The old-school mentality that competitors should be kept at a distance is exactly that – an old school mentality. In 2010 many of our clients and lots of other online publishers have been very successful driving website traffic by making friends with would-be competitors.

Let’s face it. A company is a competitor when you believe that you’re targeting the same audience. The audience might read both of your publications, or they might read just one. When two competitors come together to syndicate online content, you’re reaching the folks who otherwise chose your competitor over you.

On Monday, longtime rivals Google and the Associated Press reached an agreement where Google will syndicate content from AP. According to the article on Yahoo:

“The multiyear agreement announced Monday has two key components: an undisclosed payment for the rights to AP’s content, and a data-sharing arrangement aimed at helping the news cooperative make more money across the Internet.”

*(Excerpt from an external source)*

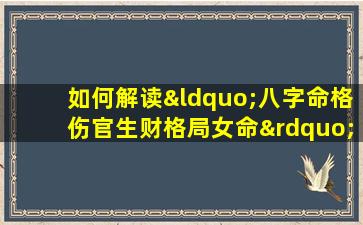 如何解读“八字命格伤官生财格局女命”中的命理特征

Also according to the article, “as part of that process, AP renewed its licensing agreement with Yahoo Inc. earlier this year and is trying to strike a new deal with Microsoft Corp.” If you check out the beta FastFlip program that Google has already established with 90+ other publishers, you can see that they really are trying to cater to the needs publishers.

Back to the point though. AP & Google wouldn’t traditionally be considered competitors because we’re talking search engine vs. content. Google wants to give everything away and AP wants to get paid for it. Still, if these two can strike a deal after a long feud, is it so hard to shake hands with people in your industry?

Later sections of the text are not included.